9. AMENDMENT AND WAIVER. Except as otherwise provided herein, the provisions of this Warrant may be amended and the Company may take any action herein prohibited, or omit to perform any act herein required to be performed by it, only if the Company has obtained the written consent of the Required Holders.
10. GOVERNING LAW. This Warrant shall be governed by and construed and enforced in accordance with, and all questions concerning the construction, validity, interpretation and performance of this Warrant shall be governed by, the internal laws of the State of New York, without giving effect to any choice of law or conflict of law provision or rule (whether of the State of New York or any other jurisdictions) that would cause the application of the laws of any jurisdictions other than the State of New York.
11. CONSTRUCTION; HEADINGS. This Warrant shall be deemed to be jointly drafted by the Company and the Holder and shall not be construed against any person as the drafter hereof. The headings of this Warrant are for convenience of reference and shall not form part of, or affect the interpretation of, this Warrant.

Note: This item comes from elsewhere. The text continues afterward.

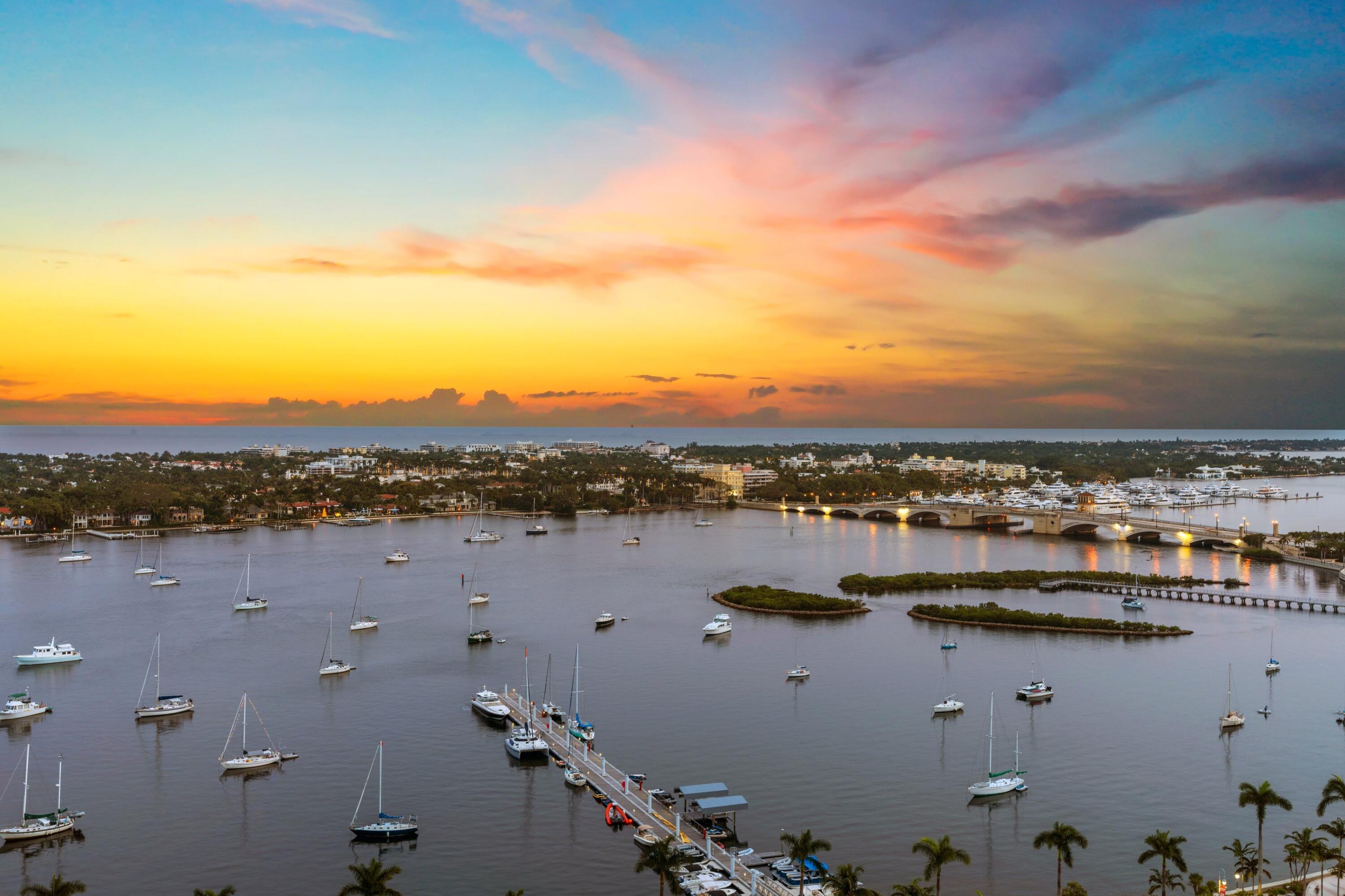 Experience elevated downtown living at its finest from this exceptional residence in the highly desired Esplanade Grande, ideally located in the heart of West Palm Beach's prestigious Waterfront District. Blending sophistication, comfort, and an unmatched location, Residence 1102 offers an extraordinary opportunity to enjoy luxury living in one of downtown's most distinguished addresses. Recently enhanced with thoughtful designer upgrades, the residence features custom high-end plank wood flooring, fresh interior paint, elegant new designer hardware, and detailed custom millwork that elevate the home's refined aesthetic.  Designed for both sophisticated entertaining and comfortable daily living, the expansive floor plan offers generous living and dining spaces that seamlessly connect to the stunning views beyond. The chef's kitchen is equipped with premium appliances, including a Sub-Zero refrigerator, Wolf cooktop, hood and microwave providing exceptional convenience for entertaining and culinary enthusiasts alike.  A custom designed bar area creates the perfect setting for hosting guests, complete with dual wine refrigerators and ample space for serving and display.  The spacious primary suite serves as a private retreat, while additional guest accommodations provide comfort and flexibility for family, friends, or a dedicated home office.   Adding to the convenience and value of this exceptional offering are two dedicated parking spaces and a large storage unit, a highly desirable feature in downtown West Palm Beach. Residents of Esplanade Grande enjoy an exceptional collection of amenities, concierge services, and the prestige of one of downtown's most sought-after luxury buildings. Just steps away are the Intracoastal waterfront, Clematis Street, premier dining, luxury shopping, cultural attractions, and the vibrant energy that has made West Palm Beach one of South Florida's most dynamic destinations.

12. DISPUTE RESOLUTION. In the case of a dispute as to the determination of the Exercise Price or the arithmetic calculation of the Warrant Shares, the Company shall submit the disputed determinations or arithmetic calculations via facsimile within two (2) Business Days of receipt of the Exercise Notice giving rise to such dispute, as the case may be, to the Holder. If the Holder and the Company are unable to agree upon such determination or calculation of the Exercise Price or the Warrant Shares within three (3) Business Days of such disputed determination or arithmetic calculation being submitted to the Holder, then the Company shall, within two (2) Business Days submit via facsimile (a) the disputed determination of the Exercise Price to an independent, reputable investment bank selected by the Company and approved by the Holder or (b) the disputed arithmetic calculation of the Warrant Shares to the Company's independent, outside accountant. The Company shall cause at its expense the investment bank or the accountant, as the case may be, to perform the determinations or calculations and notify the Company and the Holder of the results no later than ten (10) Business Days from the time it receives the disputed determinations or calculations. Such investment bank's or accountant's determination or calculation, as the case may be, shall be binding upon all parties absent demonstrable error.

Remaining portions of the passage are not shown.